Pumping capabilities set this rig apart from others in its water-depth class. The mud pumps can pump more than 3,100 gallons per minute (gpm), in comparison to Rowan's first series of Gorilla rigs, which pump about 1,400 gpm at 4,400 psi. The objective is to deliver the greatest volume possible in the shallow hole sections and to deliver higher pressure, up to 1,800 gpm at 7,500 psi, when the well reaches greater depth.
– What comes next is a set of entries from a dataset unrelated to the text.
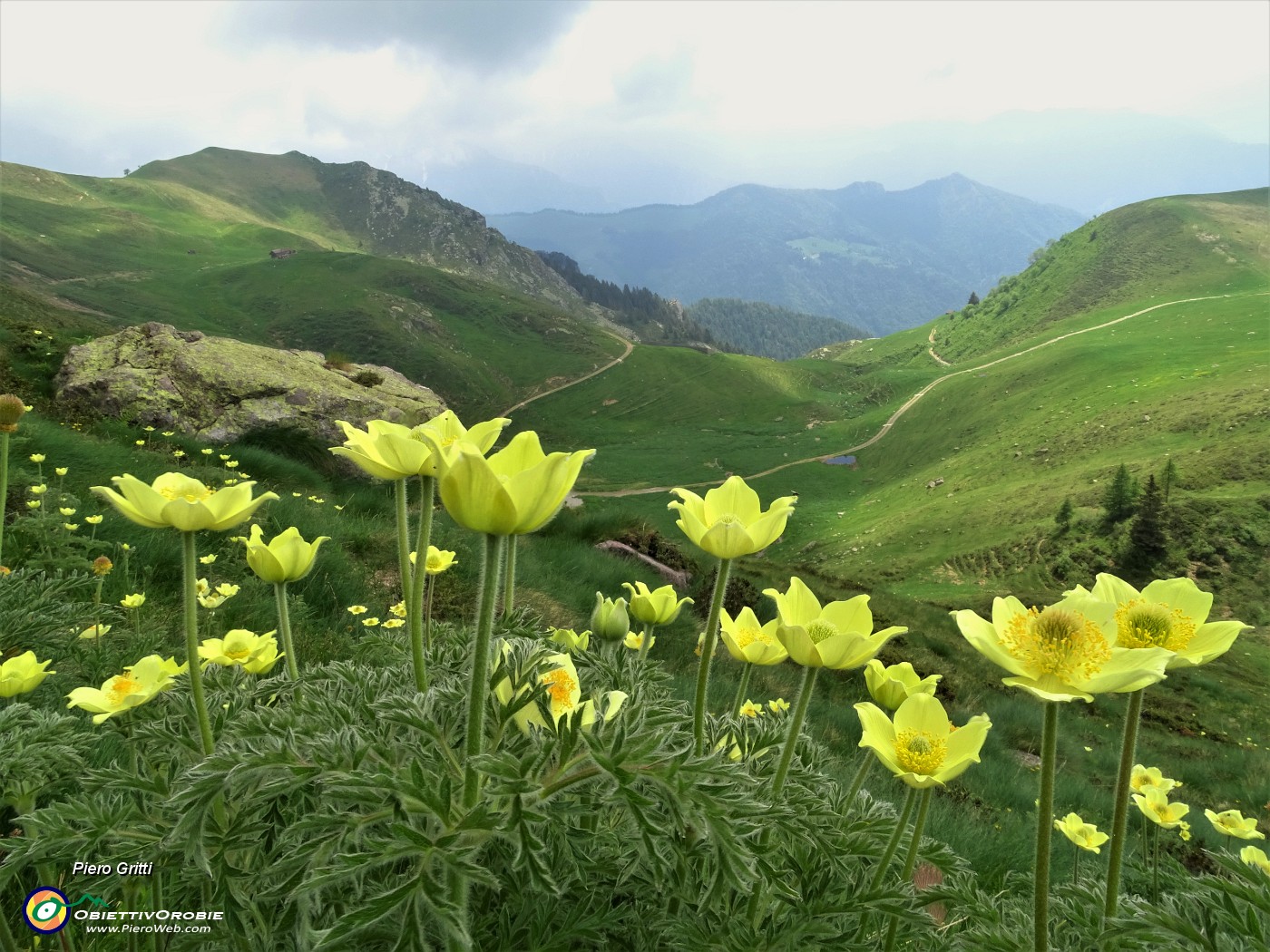 01 Anemoni sulfurei (Pulsatilla alpina sulphurea).JPG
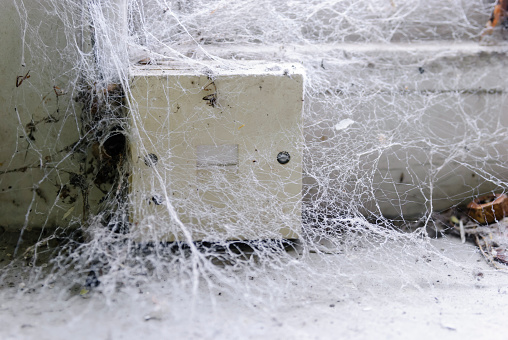 Telephone socket covered in cobwebs unused for years.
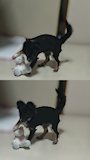 chiko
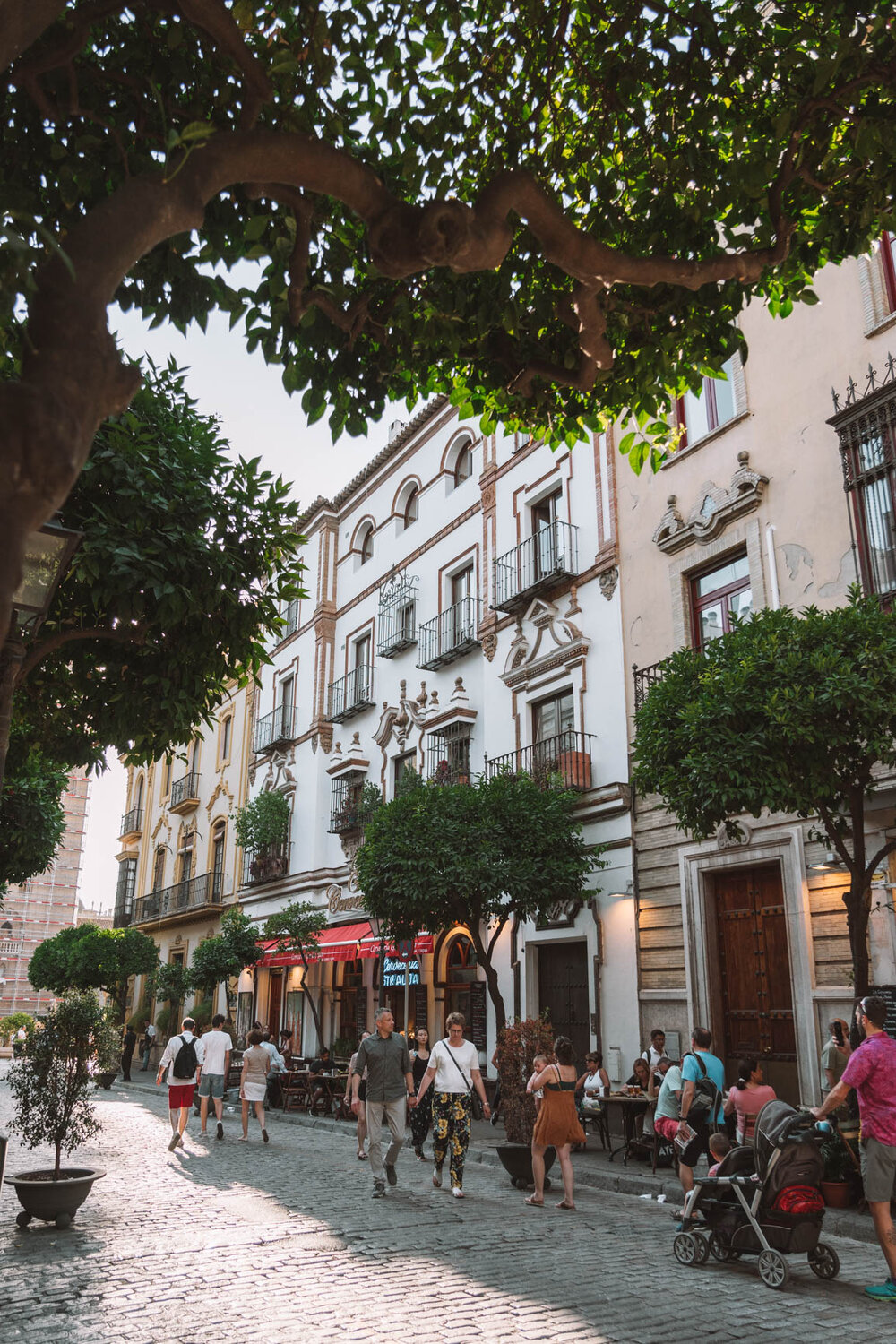 Best things to do in Seville Spain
The opposed jacking system will also expand the rig's capabilities, allowing a greater variable load and a higher load when jacking. Total weight of the fully outfitted rig will be 21,265 kips.

Newbuild vs. upgrade

The new rig will cost less than $100 million to build. The extensive capabilities of the new design would have required upgrade costs of about $55 million to an existing jackup and would have resulted in a rig that fell short of the Scooter Yeargain's capabilities. An upgrade would not have allowed the loads that Rowan wanted to achieve or the jacking capability required under those higher loads. Furthermore, installing the necessary drilling equipment to reach the targeted depth would have been next to impossible on a converted jackup.

In-house construction

Rowan is manufacturing a lot of the components for the Tarzan-class rig in house. Lewco, which is a Rowan company, will build the 3,000 hp drawworks and the 49.5-in. rotary table in addition to the mud pumps. OEM, an electrical company recently purchased by Rowan, will build the SCR systems and many of the motors.

By manufacturing in house, Rowan will exercise more control over cost, design, and quality assurance than it could employ if components were outsourced, Robertson said.

Design challenges

The biggest hurdle for design engineers is the size of the footprint. The Scooter Yeargain jackup has a total deck area of 26,009 sq ft, which is a limiting factor for designers who are trying to fit in equipment that will allow for capabilities comparable to those on a Gorilla-class jackup. The Gorilla-class rigs have about 42,200 sq ft of deck area. "It is a challenge to make everything fit and to provide enough room for everything to work," Robertson said. Despite that challenge, engineers are optimistic that the result will exceed expectations.